Angustopila dominikae : cet escargot, sans doute le plus petit découvert, tient dans le chas d'une aiguille. Dr. Barna Páll-Gergely and Nikolett Szpisjak.

Angustopila dominikae : cet escargot, sans doute le plus petit découvert, tient dans le chas d’une aiguille. Dr. Barna Páll-Gergely and Nikolett Szpisjak.

Par Joël Ignasse

Les scientifiques viennent de les découvrir. Ces nouvelles espèces posent de nombreuses questions sur l’évolution du nanisme chez les invertébrés.

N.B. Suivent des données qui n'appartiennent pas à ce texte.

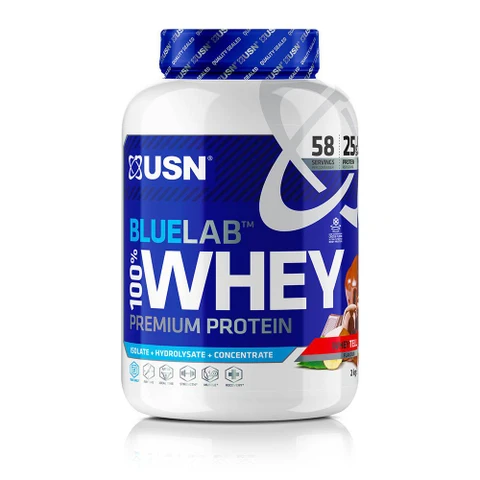 USN BlueLab 100% Whey Protein Premium 2000 g lískový oříšek (wheytella)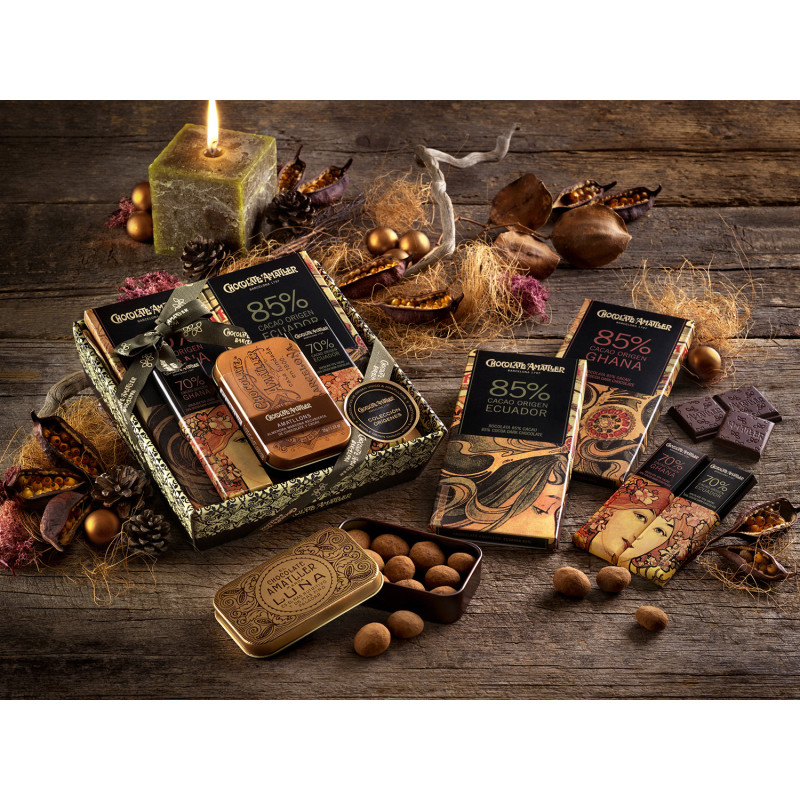 VARIADO CHOCOLATES CESTA ORÍGENES 5/211g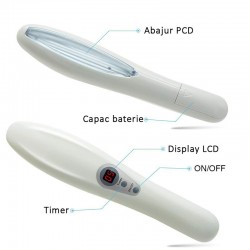Lampa UVC bactericida 4W pentru sterilizare, LCD, timer, portabila, tip bagheta
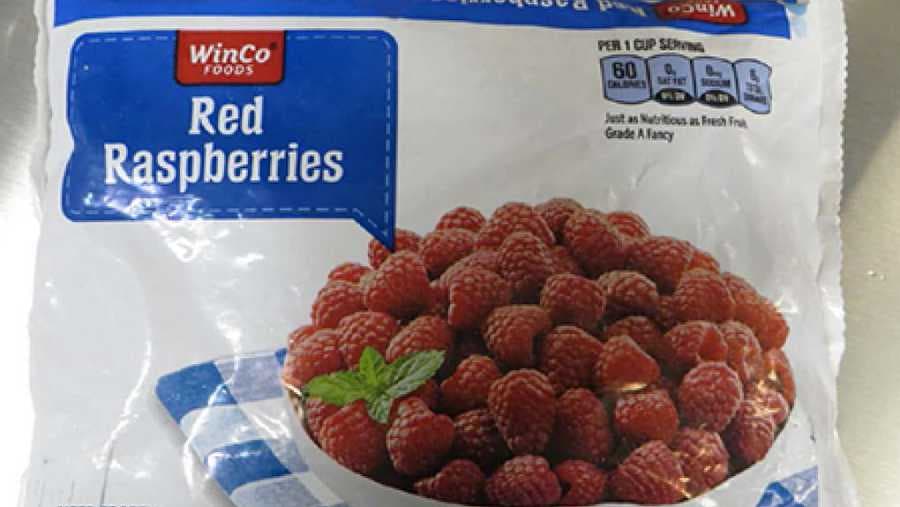Retiran frambuesas rojas congeladas por riesgo de norovirus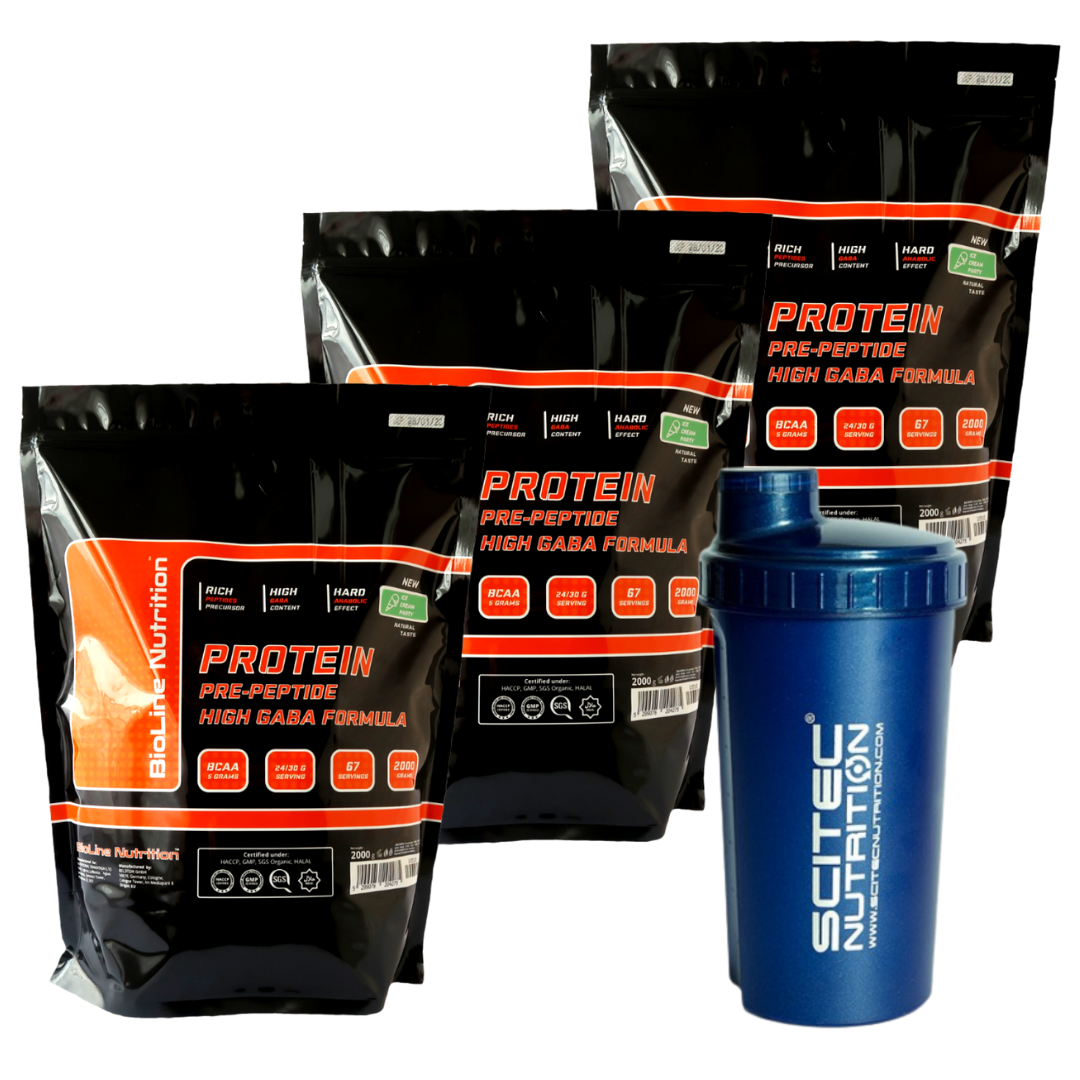 6 КГ PROTEIN (ПРОТЕІН) WPC+WPH 80%, ВСАА-16,6%, ICE CREAM PARTY GERMANY+ Спортивний шейкер у Подарунок!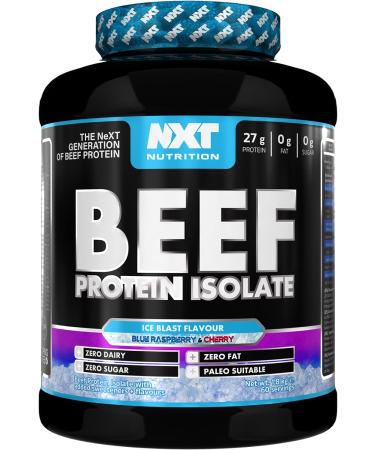 NXT Nutrition Beef Protein Isolate Powder 1.8kg - High Natural Amino Acids, Paleo Keto Friendly, Dairy & Gluten Free - Ice Blast Flavor - Buy Online on GoSupps.com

WILLOW. C’est dans les sables, à la base de roches calcaires dans le Guangxi, au sud de la Chine, que des biologistes chinois et suisses ont découvert un éventail de minuscules coquilles d’escargots terrestres. Dont sans doute une qui bat le record de petitesse.

 En raison de leur taille ces escargots nains sont très peu documentés et la découverte de spécimens vivants rarissime. En tout, les chercheurs ont identifié sept nouvelles espèces, toutes naines. L’une d’entre elles, Angustopila dominikae a été identifiée sur la base d’une coquille unique mesurant 0,86 mm de diamètre. Une autre, Angustopila subelevata à partir de plusieurs spécimens mesurant entre 0,83 et 0,91 mm (pour une taille moyenne de 0,87 mm). Elles sont parmi les plus petites jamais observées. D’ailleurs ces micro-coquillages sont très mal connus, quelques autres espèces ont été trouvées en Chine et en Corée et très peu de coquilles contenaient leur hôte à l’intérieur. Celles décrites aujourd’hui dans la revue Zookeys étaient toutes vides. De ce fait, les relations évolutives entre ces coquillages et leur diversité sont encore des questions non résolues.

« Les organismes extrêmement petits attirent l’attention du public mais aussi des scientifiques quant à leur adaptation à l’environnement », expliquent les chercheurs qui espèrent que leur découverte servira à de futures études concernant l’évolution du nanisme chez les invertébrés.